Un an après l'élection de François Hollande à la présidence de la République, comment les salariés des entreprises en difficulté voient-ils les choses ? Deux représentants de salariés de l'usine D.M.I. de Vaux et de J.P.M. à Avermes livrent leurs sentiments. Entre amertume et déception.
© France 3
L'Allier est l'un des départements d'Auvergne les plus touchés par le chômage. Le taux de chômage atteint les 10 %.  
Près de 25 000 Bourbonnais sont déjà inscrits à Pôle emploi. 

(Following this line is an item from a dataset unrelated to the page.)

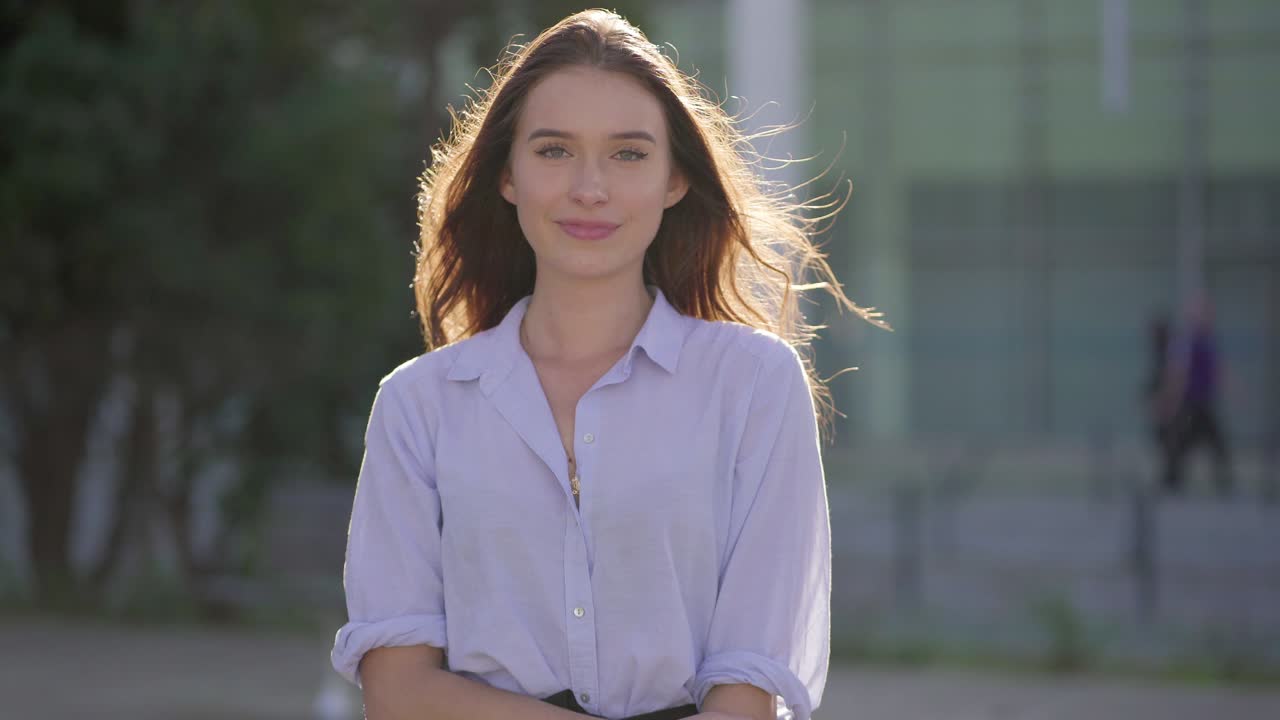 disparo medio de una mujer bonita afuera mirando a la cámara, sonriendo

Le nombre de fermetures de sites industriels ou de production horticole a été particulièrement élevé ces deux dernières années. Dans deux entreprises, notre équipe est allée à la rencontre de représentants de salariés. Que ce soit chez DMI ou chez JPM, ils sont amers plutôt que déçus. 
Chez cette dernière, face aux suppressions d'emploi, aux propositions de mutations et de reclassement, ils ne cachent pas leur scepticisme. Et continuent de dénoncer les licenciements boursiers alors que leurs sociétés engrangent des commandes et font des bénéfices. Cela d'autant plus que leur site sera définitivement fermé en juillet...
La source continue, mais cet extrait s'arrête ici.